This illustration shows what a sea scorpion, a one-meter-long monster, might look like.
Queensland Museum / Alison Douglas
Sea scorpions no longer exist, a fact you might be grateful to know because land scorpions don’t have a good reputation. Researchers have investigated a fossil that has been wandering for years at the Queensland Museum in Australia and found that it belongs to a fearsome group of predators that have long been extinct.
In a statement issued on Friday, Dr The museum described a sea scorpion as a A “huge beast” that could potentially reach 3 feet (1 meter) in length. He lived in lakes or rivers around what is now the Australian city of Theodore. It is the first fossil of a sea scorpion identified in Queensland.
We’ve met some other sea scorpion fossils before, especially a Dog-sized species discovered near China. Sea scorpions are formally known as eryriberides.
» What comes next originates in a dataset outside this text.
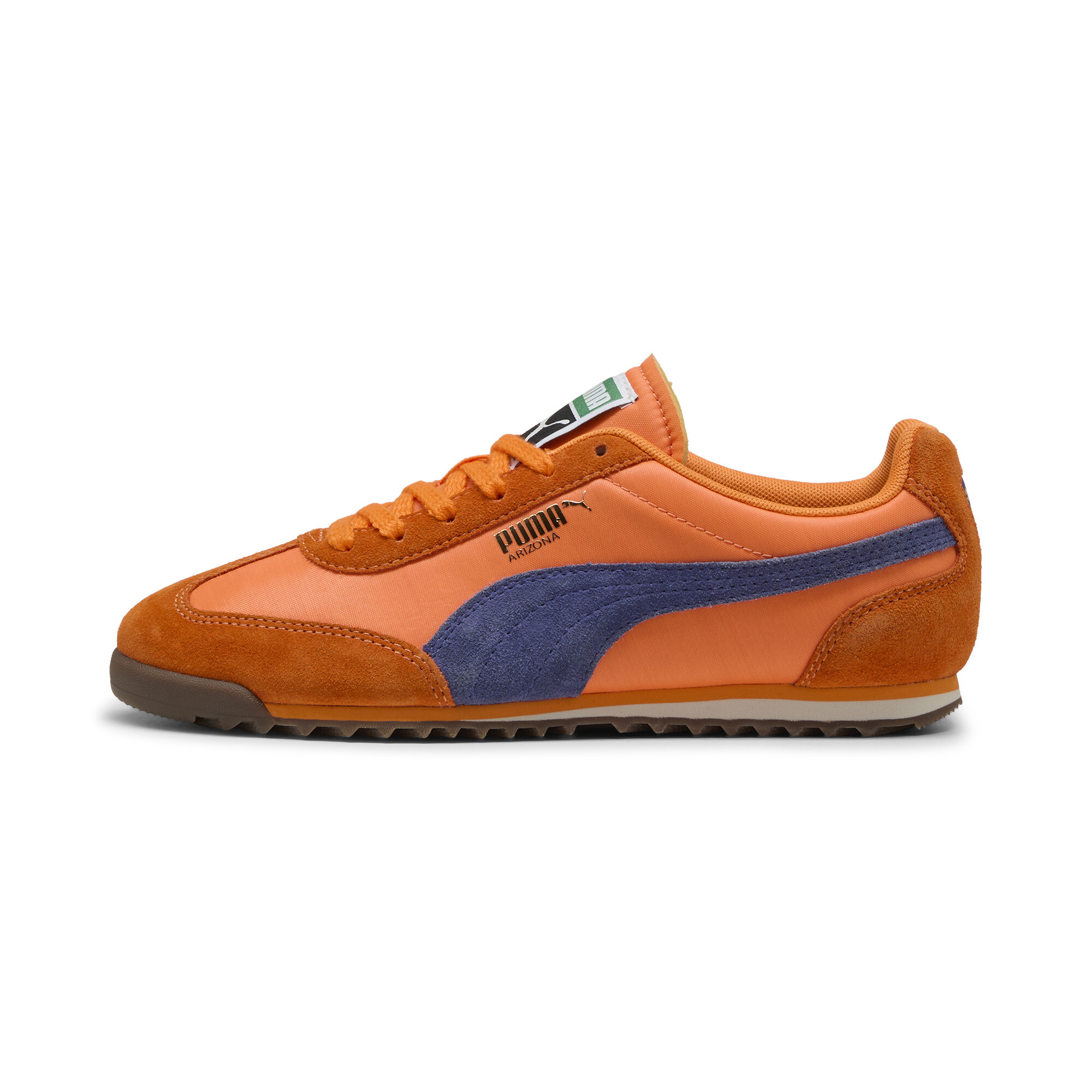 Puma Arizona Nylon Sneakers, Orange, Size 45, Shoes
The new one is now called Woodwardopterus freemanorum.
Woodwardopterus freemanorum fossil and illustration of the fossil.
Queensland Museum
The fossil was originally discovered in the 1990s and first examined by the museum in 2013. The COVID shutdown provided Andrew Rosefields, curator of the Queensland Museum of Earth Sciences, an opportunity to revisit the as-yet-unidentified “cold state” creature.
“When the fragmentary specimen arrived in our collection, it was initially placed in a ‘very hard basket,'” Roosevelds said, “but the closures provided the opportunity to study and re-evaluate some of our fossil collection, and this particular fossil has always intrigued me.” Rozefelds is the co-author of the book A research paper on sea scorpion published in the Journal of Historical Biology.
Rozefelds and lead author Markus Poschmann, an expert in the European field, dated the fossil to 252 million years ago. This was around the time the sea scorpions were gone, making Woodwardopterus freemanorum one of the last known species of its kind. “This puzzling new fossil helps bridge the gap in our knowledge of this group of animals in Australia, and around the world,” Roosevelds said.
Sea scorpions are relatives of modern scorpions and other spiders. The one in Theodore could have been one of the most important predators of his day, but that’s not something we modern humans should worry about getting entangled with. Whew.